▸ **What is needed**
Range to repeat from the listing below: the line containing "New 2026 Ford Transit 350 XLT image 30" down to the line containing "State Liquor Store", both included. Copy it exactly, pictures excluded, and add nothing else.

▸ **Records provided**
• • • •
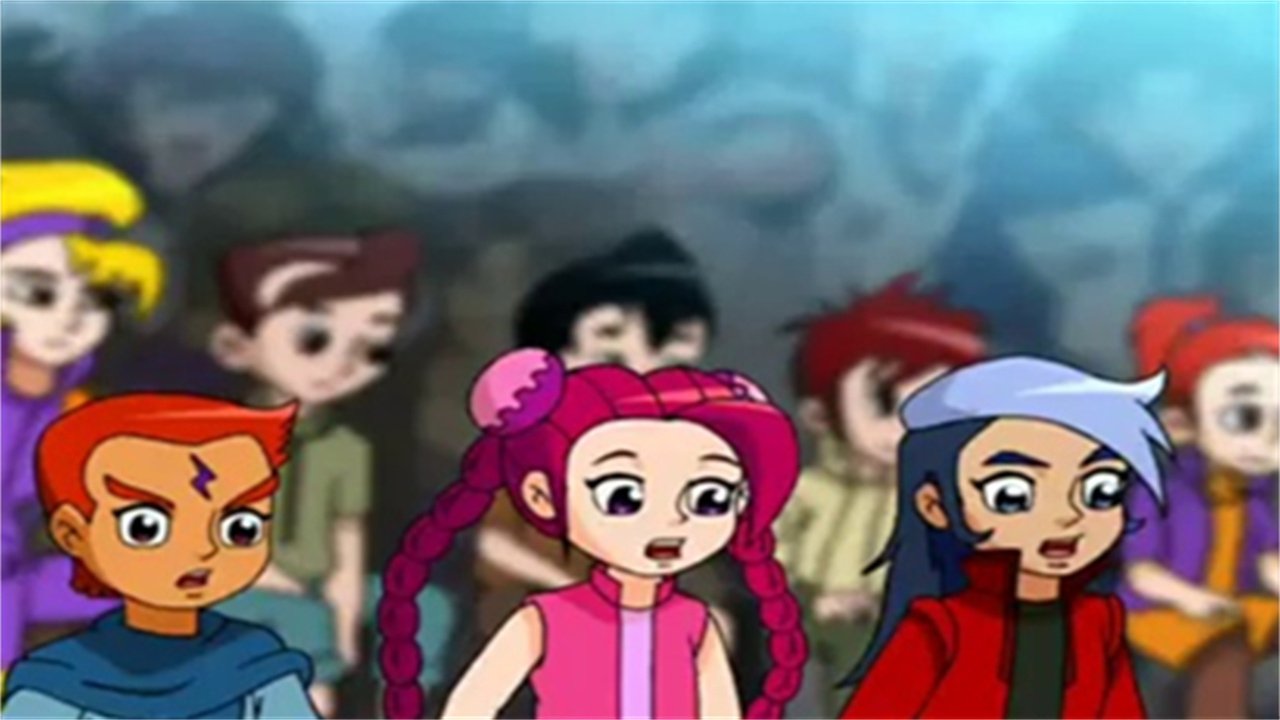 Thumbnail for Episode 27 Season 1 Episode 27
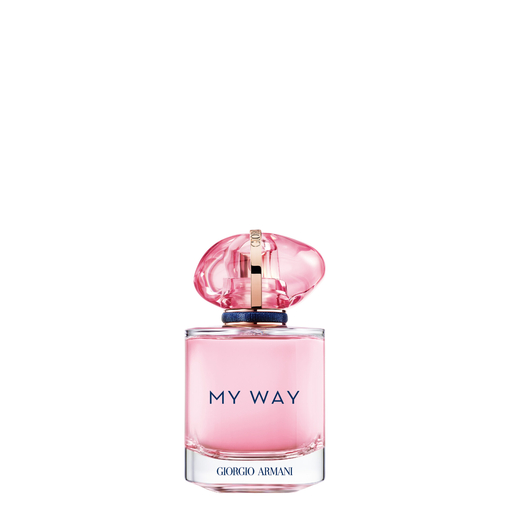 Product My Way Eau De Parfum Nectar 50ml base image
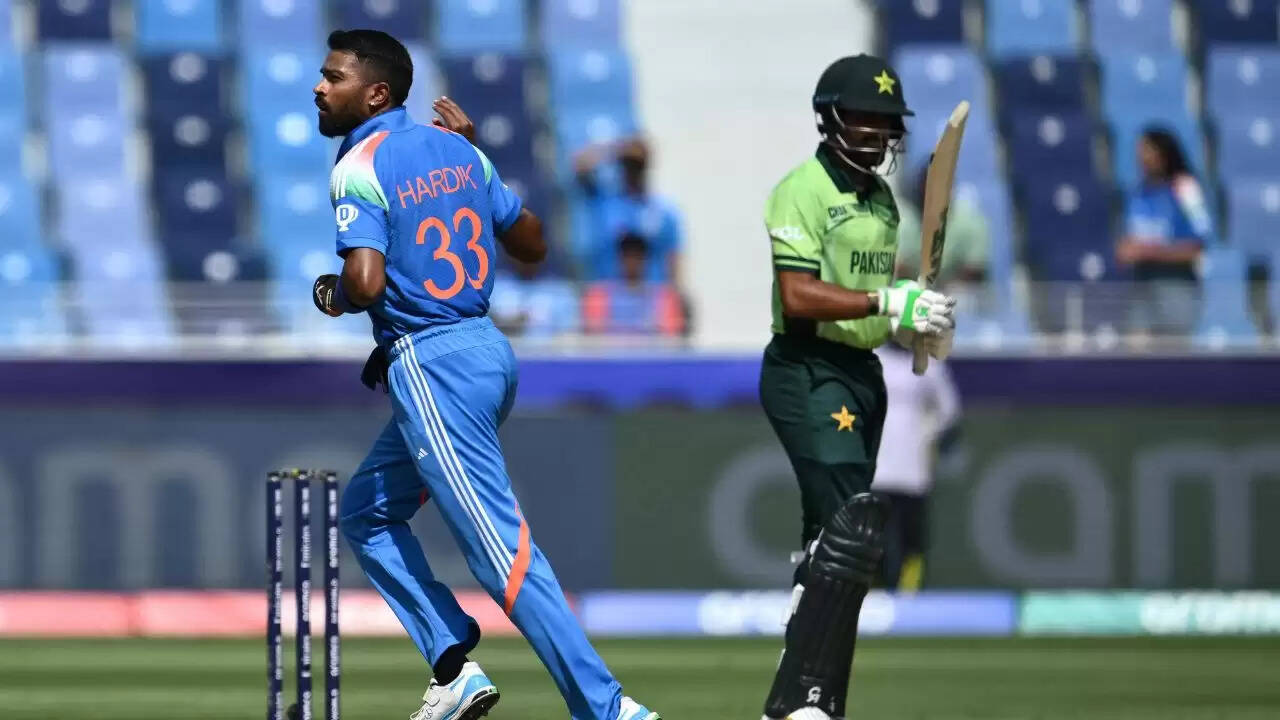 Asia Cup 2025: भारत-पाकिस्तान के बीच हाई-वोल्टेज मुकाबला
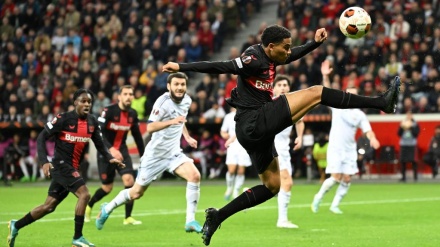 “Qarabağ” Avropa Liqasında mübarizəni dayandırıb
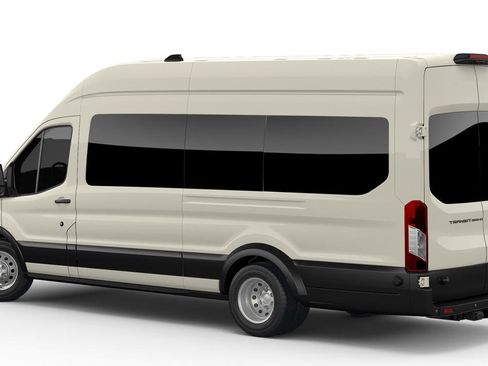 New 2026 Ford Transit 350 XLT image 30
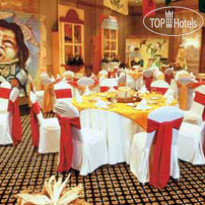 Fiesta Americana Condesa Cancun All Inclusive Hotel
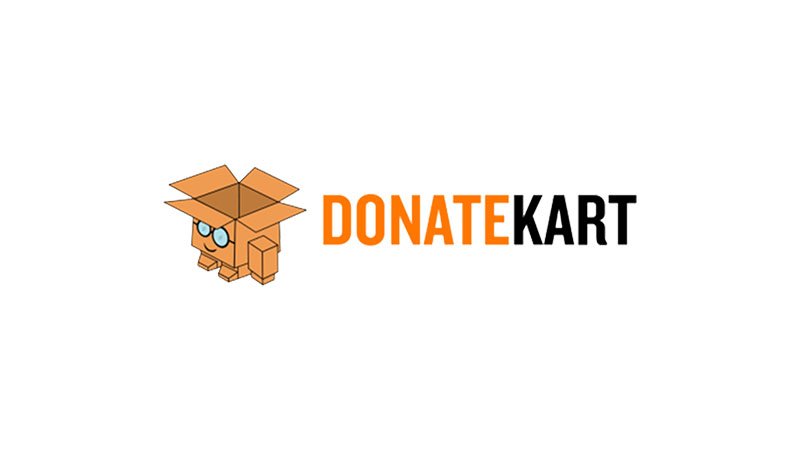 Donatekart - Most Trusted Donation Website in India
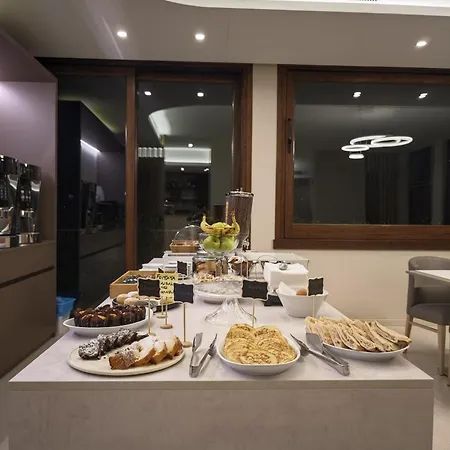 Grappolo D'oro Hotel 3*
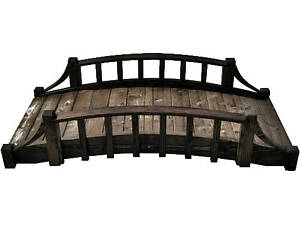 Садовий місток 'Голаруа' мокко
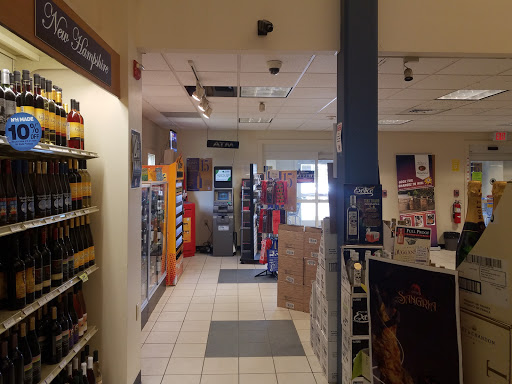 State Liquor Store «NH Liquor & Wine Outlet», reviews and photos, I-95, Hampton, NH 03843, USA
• • • •
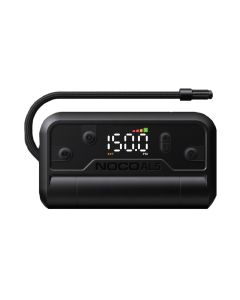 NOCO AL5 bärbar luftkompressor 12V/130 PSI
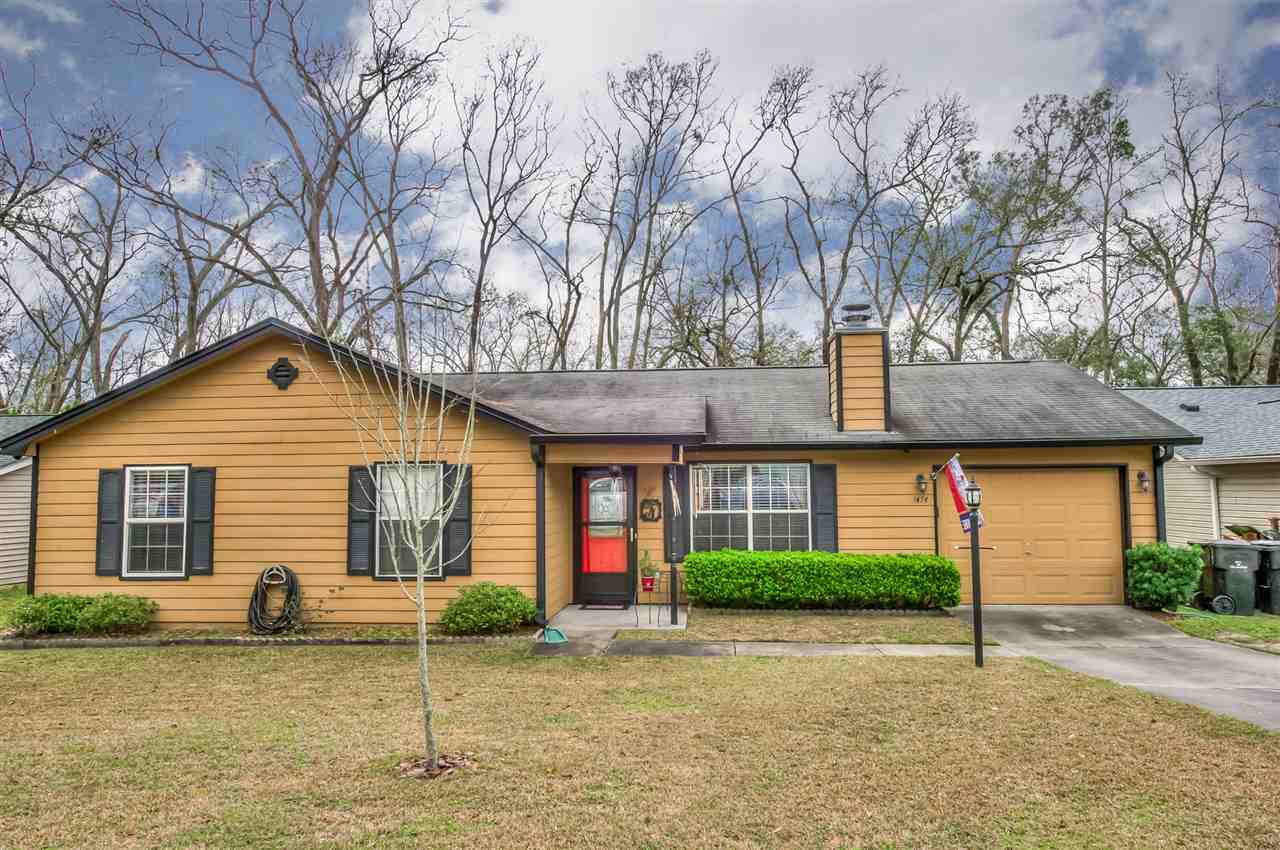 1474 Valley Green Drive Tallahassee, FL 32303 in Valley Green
• • • •
▸ **Response**
 New 2026 Ford Transit 350 XLT image 30
 Fiesta Americana Condesa Cancun All Inclusive Hotel
 Donatekart - Most Trusted Donation Website in India
 Grappolo D'oro Hotel 3*
 Садовий місток 'Голаруа' мокко
 State Liquor Store «NH Liquor & Wine Outlet», reviews and photos, I-95, Hampton, NH 03843, USA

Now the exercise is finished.